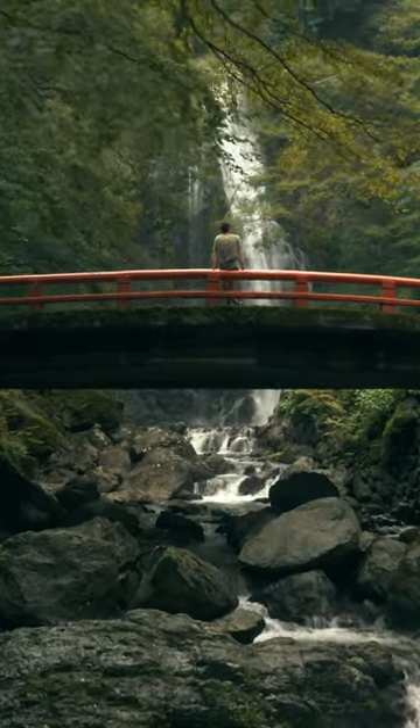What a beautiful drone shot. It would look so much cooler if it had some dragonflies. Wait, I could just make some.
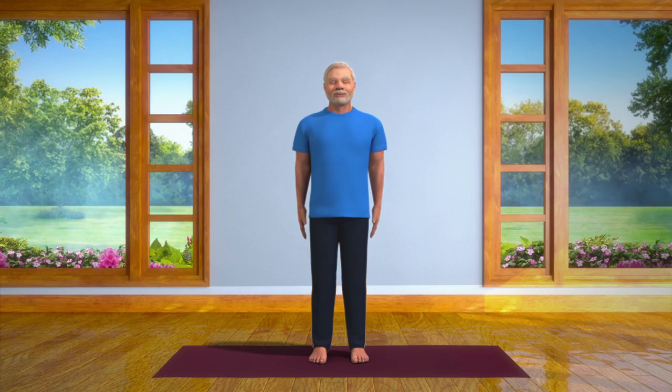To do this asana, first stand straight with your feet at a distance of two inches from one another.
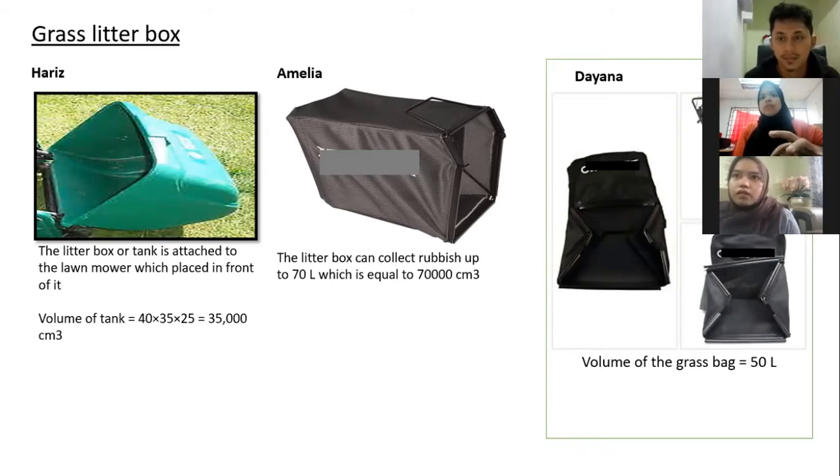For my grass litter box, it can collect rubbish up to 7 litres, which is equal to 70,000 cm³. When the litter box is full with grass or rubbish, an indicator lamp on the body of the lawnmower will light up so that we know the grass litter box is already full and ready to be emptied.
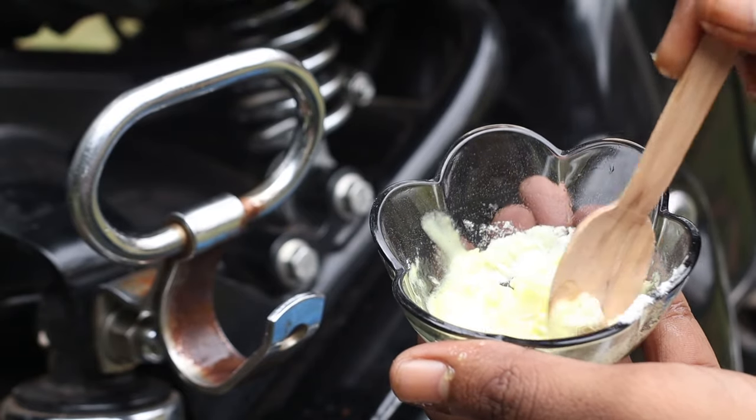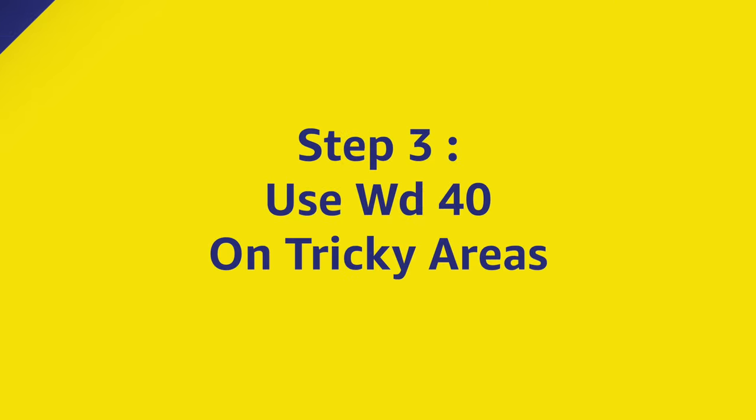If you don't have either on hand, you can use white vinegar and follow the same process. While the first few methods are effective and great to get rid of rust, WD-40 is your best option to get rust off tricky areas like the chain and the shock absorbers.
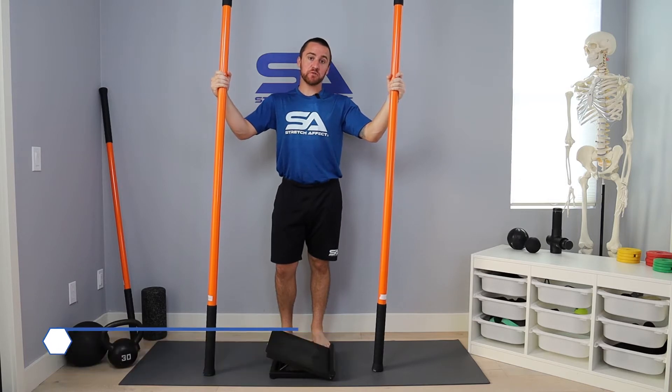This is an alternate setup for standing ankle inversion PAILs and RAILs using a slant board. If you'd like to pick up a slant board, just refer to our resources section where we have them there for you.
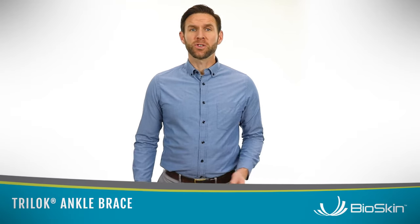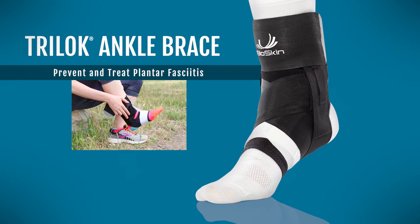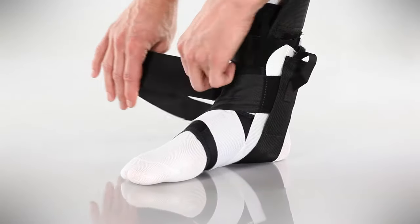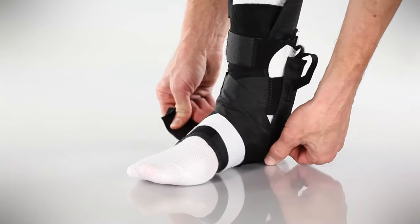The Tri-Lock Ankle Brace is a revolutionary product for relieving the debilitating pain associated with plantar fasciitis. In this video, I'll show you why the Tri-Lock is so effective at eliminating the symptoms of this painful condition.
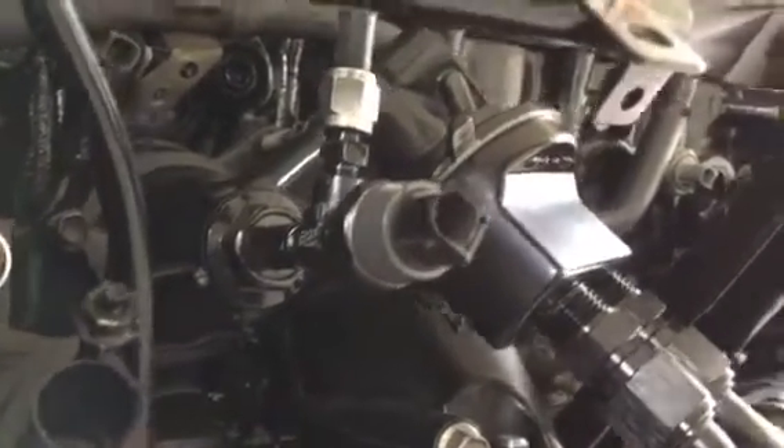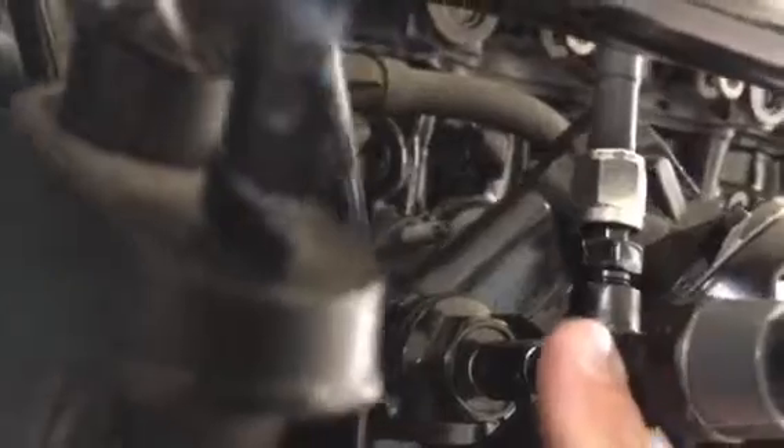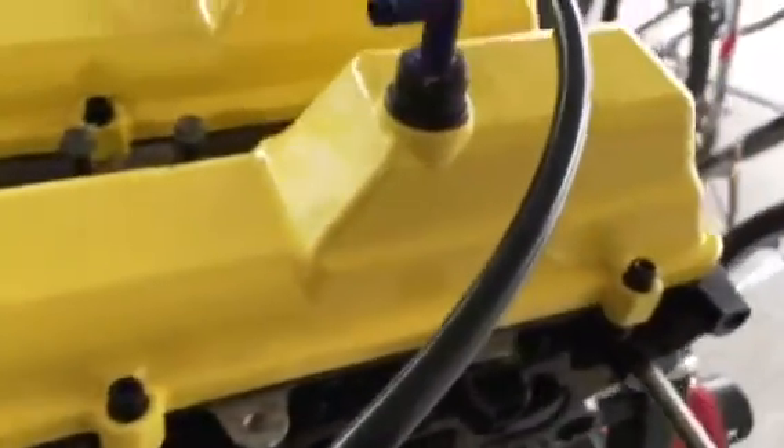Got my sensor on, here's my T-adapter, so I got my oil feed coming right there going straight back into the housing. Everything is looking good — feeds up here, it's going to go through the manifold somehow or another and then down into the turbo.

...

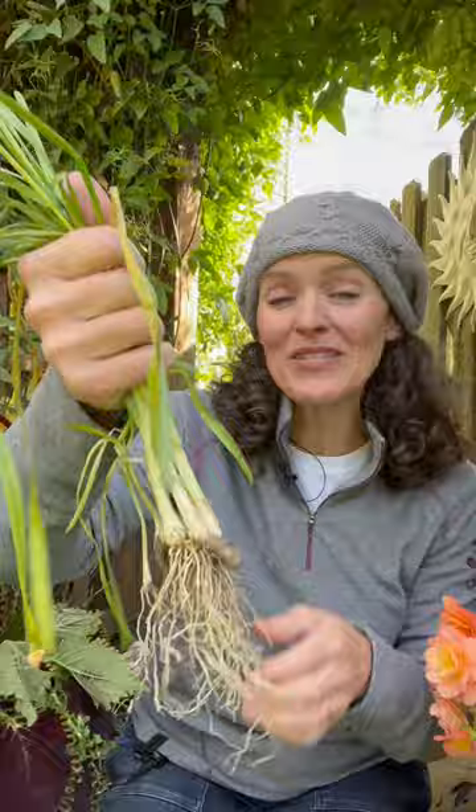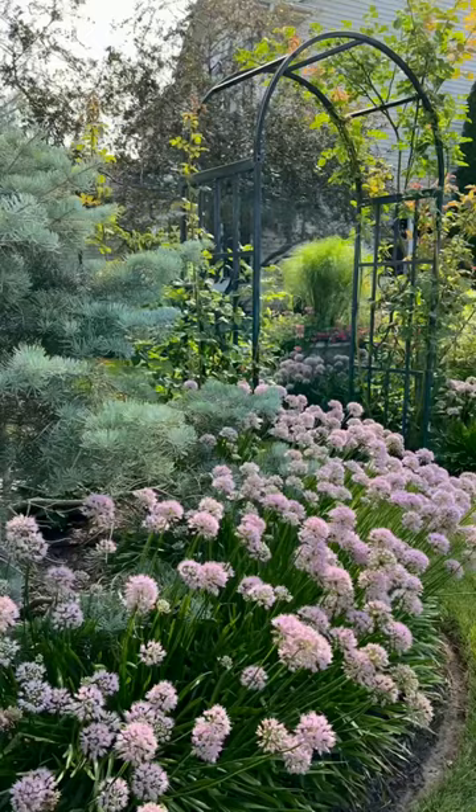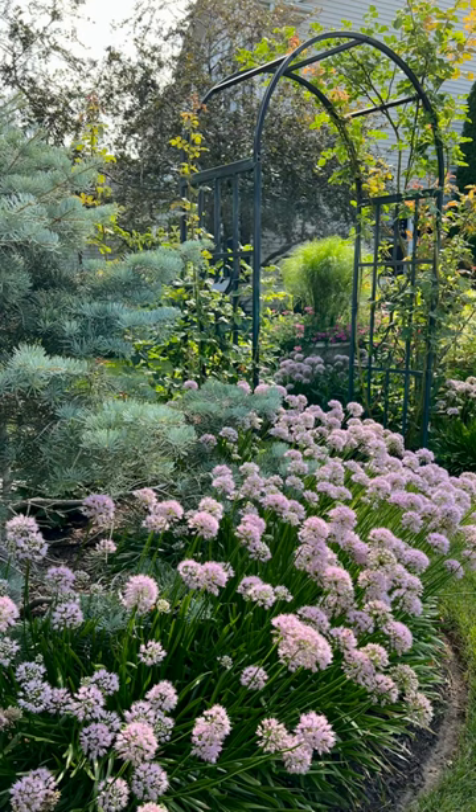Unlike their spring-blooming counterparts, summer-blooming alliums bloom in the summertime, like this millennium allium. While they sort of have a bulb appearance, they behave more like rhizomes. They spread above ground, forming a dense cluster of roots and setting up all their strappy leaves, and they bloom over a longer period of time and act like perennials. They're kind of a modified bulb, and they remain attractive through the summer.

## What this task involves
Where a picture appears in the records above, omit it, and transcribe exactly the stretch of lines from the one with "The Tri-Lock Ankle" through the one with "Got my sensor".

## Task result
The Tri-Lock Ankle Brace is a revolutionary product for relieving the debilitating pain associated with plantar fasciitis. In this video, I'll show you why the Tri-Lock is so effective at eliminating the symptoms of this painful condition.
Got my sensor on, here's my T-adapter, so I got my oil feed coming right there going straight back into the housing. Everything is looking good — feeds up here, it's going to go through the manifold somehow or another and then down into the turbo.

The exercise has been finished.